● **What you need to do**: Without the images, reproduce each line of the material exactly.

● **Available records**:
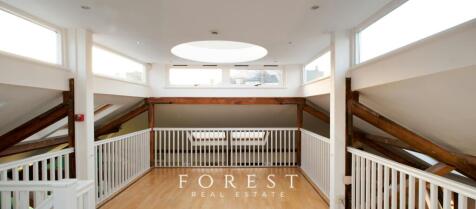 stalb2nd fl Rm 1 01.JPG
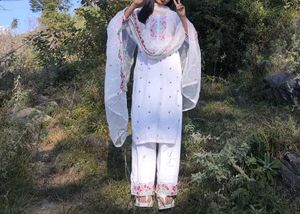 Kurta Set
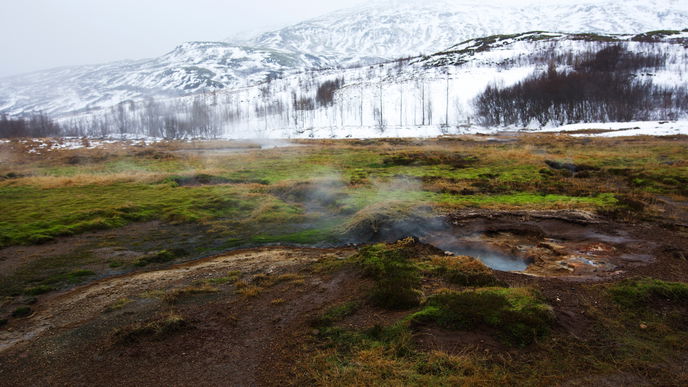 Island Reisetipps - Iceland Airwaves und Fest der Lichter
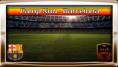 /album/fotogaleria/camp-nou-hd-png/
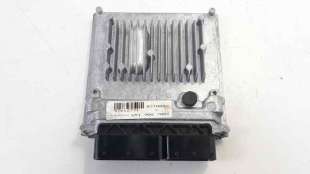 Recambio de centralita motor uce para mercedes-benz clase cla (w117) 2012-2019 cla 220 cdi (117.303) referencia OEM IAM 65190070
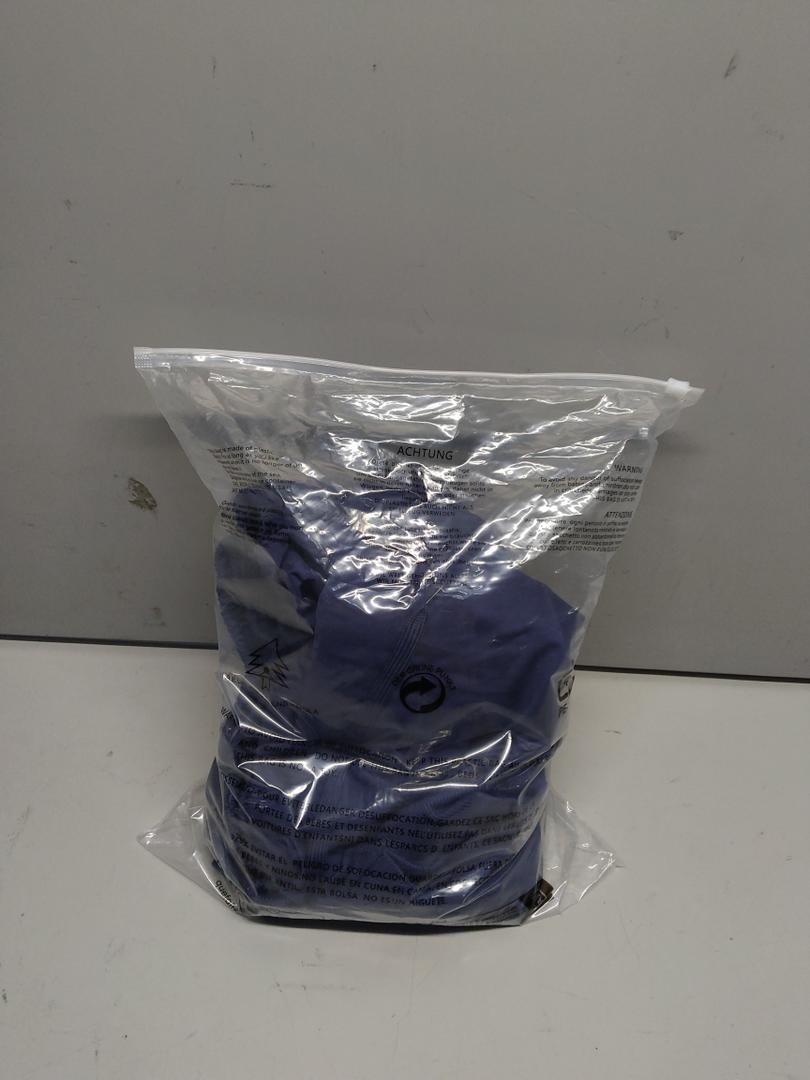 Women's Two Piece Tracksuit, Sets for Women 2025 Sweatsuit 2 Piece Outfits Sweatshirt ，workout sets for women. Size S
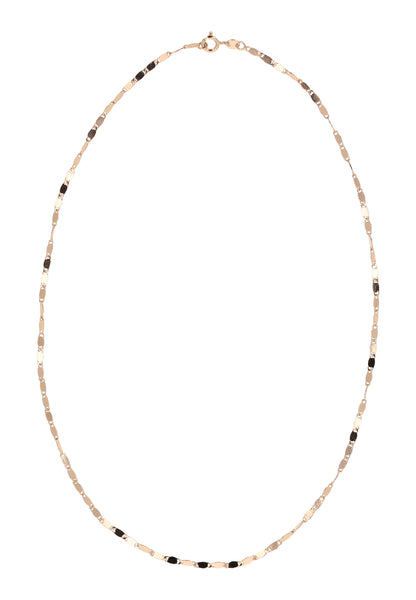 faina Women's Necklace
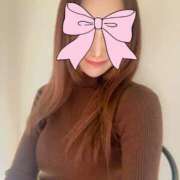 唐沢 亜美 20時♡ CASA BIANCA（カーサ・ビアンカ）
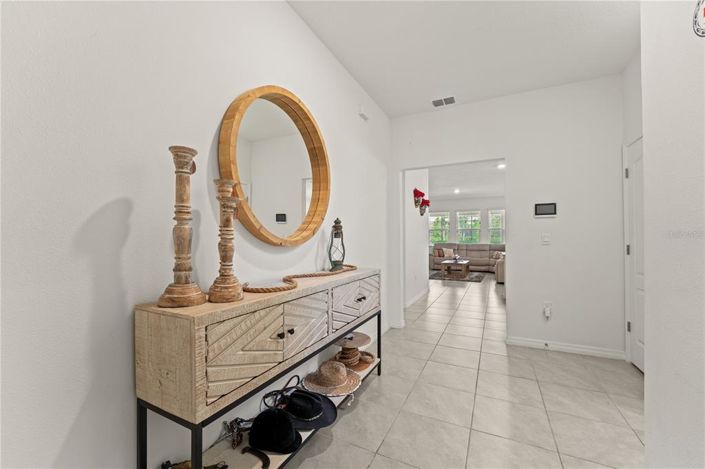 Image No.7-Maison de 7 chambres à vendre à Saint John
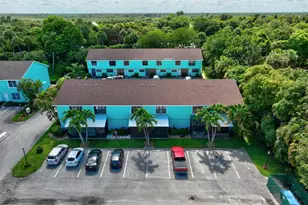 13511 S Indian River Dr, Jensen Beach, FL 34957 - Photo 16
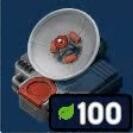 伊始之地建筑设施全解析：打造生机勃勃世界的必备指南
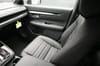 11 thumbnail image of  2026 Honda CR-V Hybrid Sport-L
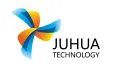 JuHua Technology Co.,LTD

● **Written answer**:
 stalb2nd fl Rm 1 01.JPG
 Kurta Set
 Island Reisetipps - Iceland Airwaves und Fest der Lichter
 /album/fotogaleria/camp-nou-hd-png/
 Recambio de centralita motor uce para mercedes-benz clase cla (w117) 2012-2019 cla 220 cdi (117.303) referencia OEM IAM 65190070
 Women's Two Piece Tracksuit, Sets for Women 2025 Sweatsuit 2 Piece Outfits Sweatshirt ，workout sets for women. Size S
 faina Women's Necklace
 唐沢 亜美 20時♡ CASA BIANCA（カーサ・ビアンカ）
 Image No.7-Maison de 7 chambres à vendre à Saint John
 13511 S Indian River Dr, Jensen Beach, FL 34957 - Photo 16
 伊始之地建筑设施全解析：打造生机勃勃世界的必备指南
 11 thumbnail image of  2026 Honda CR-V Hybrid Sport-L
 JuHua Technology Co.,LTD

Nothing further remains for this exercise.